Wonderlijk genoeg kreeg The Band naast artistieke erkenning ook commercieel succes, wat achteraf gezien eigenlijk het begin van het einde betekende. Zeker na hun verhuizing naar het hedonistisch angehauchte Los Angeles ging het stel flink aan de drugs, waarbij alleen Robbie Robertson zich in de hand wist te houden. Bijgevolg moest hij min of meer in zijn eentje het muzikale bedrijf draaiende zien te houden, iets wat met een album per jaar bepaald geen sinecure was. Met veel pijn en moeite lukte het hem nog net de groepsgeest te bewaren door Stage Fright live in de studio op te nemen, ware het niet dat er toen al een zeker maniërisme doorklonk in de nadrukkelijk ongekunsteld gehouden muziek. Aan opvolger Cahoots valt de geforceerdheid wel duidelijk af te horen, al blijft dit melancholieke album over de teloorgang van tradities tot op de dag vandaag schandelijk miskend.

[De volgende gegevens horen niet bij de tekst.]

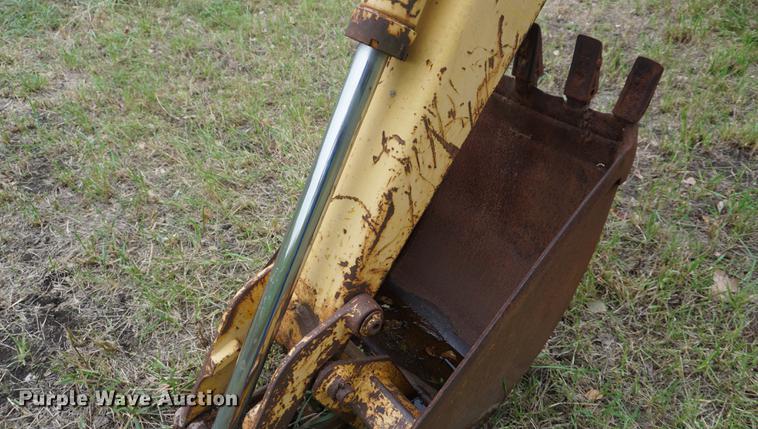 image for item DD6627 International 260A backhoe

Een geweldige live-registratie, Rock Of Ages, en een ongeïnspireerde coverplaat, Moondog Matinee, dichtten het gat van vier jaar tot Northern Lights-Southern Cross, dat nogal overdreven als een comeback werd bestempeld. Eenmaal weer op tournee bleek Robertson het niet langer te kunnen trekken, waarop hij de anderen voor het blok zette. Op Thanksgiving Day in 1976 kwam er onder de romantische titel The Last Waltz een grootscheeps afscheidsconcert met een stoet aan speciale gasten, onder wie Muddy Waters, Ronnie Hawkins, Eric Clapton, Van Morrison, Joni Mitchell, Neil Young en vanzelfsprekend Bob Dylan. Met een megalomaan driedubbelabum en een bioscoopfilm onder regie van Martin Scorsese moest het voor The Band punt uit wezen.
“Velen van ons weten niet op welk moment ze er beter mee op kunnen houden. Natuurlijk, sommigen redden het, maar anderen gaan er, niet zelden letterlijk, aan onderdoor, terwijl weer anderen zich publiekelijk vernederen. Wij wilden geen enkel risico nemen,” aldus Robertson, die als liedjesschrijver van The Band inmiddels genoeg aan auteursrechten had opgestreken om te kunnen gaan rentenieren. Zijn vriendschap met Scorsese bezorgde hem bovendien in Hollywood aardig wat opdrachten voor soundtracks, zodat hij pas diep in de jaren tachtig toekwam aan zijn eerste van vier soloplaten. Zijn vroegere kameraden tourden toen inmiddels alweer geruime tijd rond onder de naam The Band. Gevraagd naar wat hij nou eigenlijk van die halfslachtige reünie vond, antwoordde Robertson op minzame toon: “Ach, ze moeten toch ergens hun brood mee zien te verdienen.”